How was the food? Amazing. Best “Chinese” food I’ve ever had, hands-down. There was still a slight dirt taste from the awful black vinegar, which I plan to eliminate next time by blending malt and cider vinegars, but other than that, it could not have been better. I especially liked the way the tiny bits of fresh ginger exploded in citrusy flavors when I bit down on them.

There was too much starch in the sauce. The recipe called for an obscene amount, which I knew was wrong, but I gave the author the benefit of the doubt. The sauce was clumpy and didn’t flow well. Next time, I’ll use half as much, if that.

The recipe calls for one pound of chicken and supposedly feeds 4 people. I am totally serious. I used two pounds, and I plan to get a total of three dinners out of it.

Here is what I learned: professional Chinese chefs are not very good. They must not be putting their hearts into what they do. No surprise. Anyone who has smelled the rear of a typical Chinese joint knows they’re not doing everything they should.

I can’t cook any Chinese dish except this one, and I’ve only cooked it twice, and my recipe still needs work, yet my version blows the real thing away. That’s a scathing indictment of restaurant chefs.

If I decide to learn how to cook anything else, it will be pan-fried dumplings. I can’t think of any other Chinese dishes I like enough to learn how to cook.

I can’t understand why professional cooks are so bad. It’s not just Chinese cooks. It’s nearly universal. It’s like cooking school fundamentally does not work.

I don’t feel like buying a wok or a propane burner, because my food comes out nearly the same as wok-cooked food. I don’t know if stir-frying is really frying, except when there are only a few little things in the wok. Adding a lot of food pretty much moves you into the simmering arena.

What a beautiful future I see stretching out before me. Myself, seated at a wonderful welding table, consuming the best Chinese food in North America. It’s hard to imagine how things could get better, unless I moved a couch into the shop.

Now there’s an idea.

More

I went and got the table. The box was very difficult to get in the car. The weight is only 73 pounds, but it hangs way out there when you’re trying to wrestle with it, and the Northern Tool cart kept trying to scoot around the parking lot while I maneuvered the box.

I thought I felt something going funny in my back, so I slowed down and tried to use common sense. I hate that. Prayed in the car on the way home, and my back seems okay.

I can’t tell you whether it’s a good table until I use it, but things look okay right now.

The top is not far from 3/16″ steel, which is very good for a cheap table. It’s also nearly flat. It looks like it has a 1/32″ crown in the middle. It’s hard to get upset about that. I doubt I’ve ever welded anything that warped less than 1/32″.

The legs have a funny rectangular brace that goes around them. It’s held on by friction, which is not good. The frame has little hooks which fit in holes on the legs and pinch them. I figure I can stabilize it by drilling holes and adding some screws.

The legs have M10x1.5 threaded holes for the feet.
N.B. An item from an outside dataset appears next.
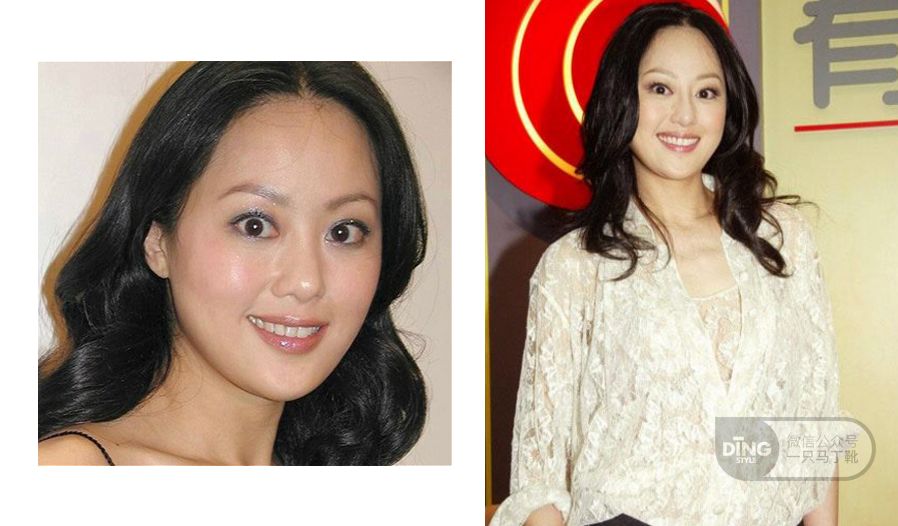 为什么眼神呆滞无神怎么训练,表情僵硬眼睛无神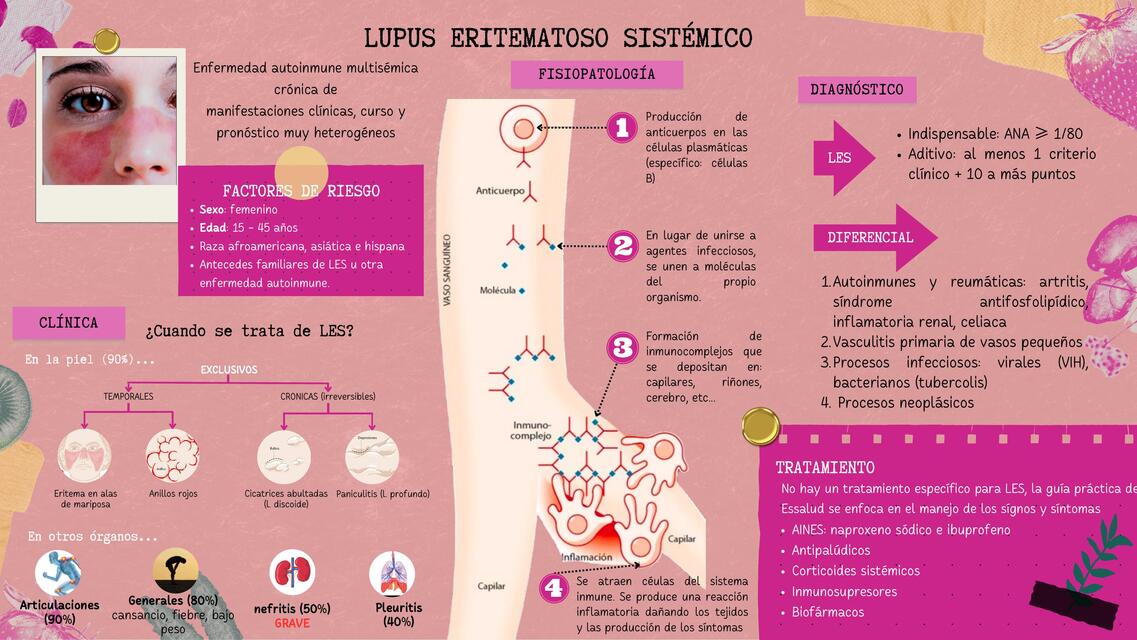 Lupus eritematoso sistémico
I am looking around for casters that will screw into those holes. The table is light enough to pick up and move, but casters would be better.

I can tell it’s going to fit well in my shop, because I’m already using it to hold things I should put away instead.

The square inchage is 864, which is considerably better than the Harbor Freight table, which comes in at just under 600. Also, because the table has round holes instead of long slots, I should not have any problems with objects falling through it. That was always a concern with the other table.

If you follow the directions, the table takes an hour to assemble. If you just guess, you can do it in about 15 minutes.

I have not tried the clamps yet, but they must work, because people are not howling about them all over the web.

I sprayed it down with lanolin and mineral spirits. I want to keep the top shiny and silvery for as long as I can.

Not much to complain about here. I finally have enough tools to weld relatively well. Now all I need is skill.